The clinical this website diagnosis and classification of diabetes have inherent uncertainties that compromise the definition of its onset and the differentiation of its severity stages. A fuzzy system could improve the precision of the diagnosis and classification of diabetic neuropathy because it takes those uncertainties into account and combines different assessment methods. Here, we investigated how plantar pressure abnormalities evolve throughout different severity stages of diabetic polyneuropathy (absent, n = 38; mild, n = 20; moderate,

n = 47; severe, n = 24). Pressure distribution was analysed over five areas while patients walked barefoot. Patients with mild neuropathy displayed an increase in pressure-time integral at the forefoot and a lower peak pressure at the heel. The peak and pressure-time integral under the forefoot and heel were aggravated in later stages of the disease (moderate and severe) compared with early stages of the disease (absent and mild). In the severe group, lower pressures at the

lateral forefoot and hallux were observed, which could be related to symptoms that develop with the aggravation Z-VAD-FMK of neuropathy: atrophy of the intrinsic foot muscles, reduction of distal muscle activity, and joint stiffness.

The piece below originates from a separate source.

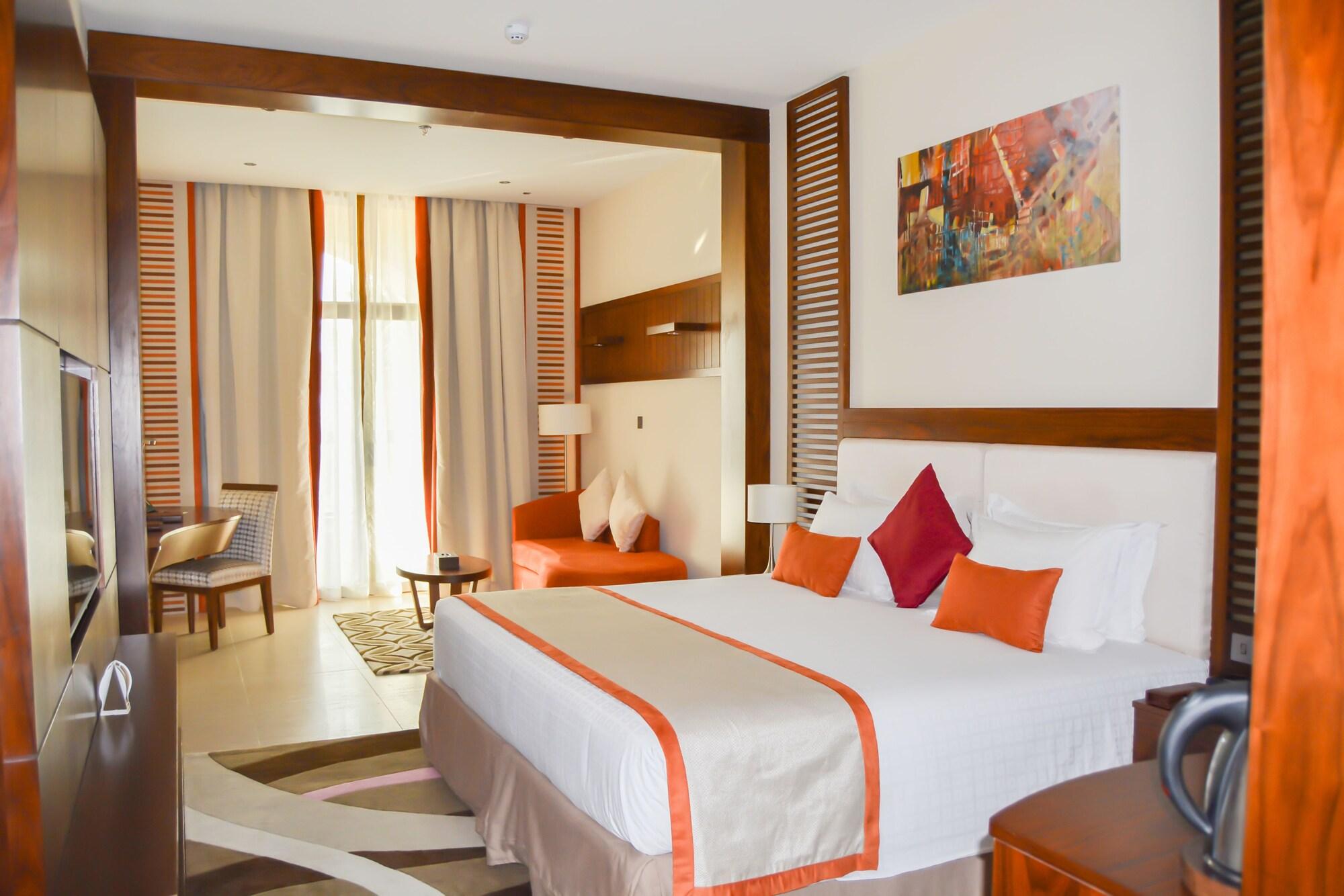 Western Hotel - Madinat Zayed Ngoại thất bức ảnh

Although there were clear alterations over the forefoot and in a number of plantar areas with higher pressures within each severity stage, they did not follow the aggravation evolution of neuropathy classified by the fuzzy model. Based on these results, therapeutic interventions should begin in Dorsomorphin the early stages of this disease to prevent further consequences

of the disease. (C) 2014 Elsevier B.V. All rights reserved.”
“Aerobic methane-oxidizing bacteria (MOB) use a restricted substrate range, yet 430 species-equivalent operational taxonomical units (OTUs) are found in one paddy soil. How these OTUs physically share their microhabitat is unknown. Here we highly resolved the vertical distribution of MOB and their activity. Using microcosms and cryosectioning, we sub-sampled the top 3-mm of a water-saturated soil at near in situ conditions in 100-mu m steps. We assessed the community structure and activity using the particulate methane monooxygenase gene pmoA as a functional and phylogenetic marker by terminal restriction fragment length polymorphism (t-RFLP), a pmoA-specific diagnostic microarray, and cloning and sequencing. pmoA genes and transcripts were quantified using competitive reverse transcriptase PCR combined with t-RFLP. Only a subset of the methanotroph community was active. Oxygen microprofiles showed that 89% of total respiration was confined to a 0.67-mm-thick zone immediately above the oxic-anoxic interface, most probably driven by methane oxidation.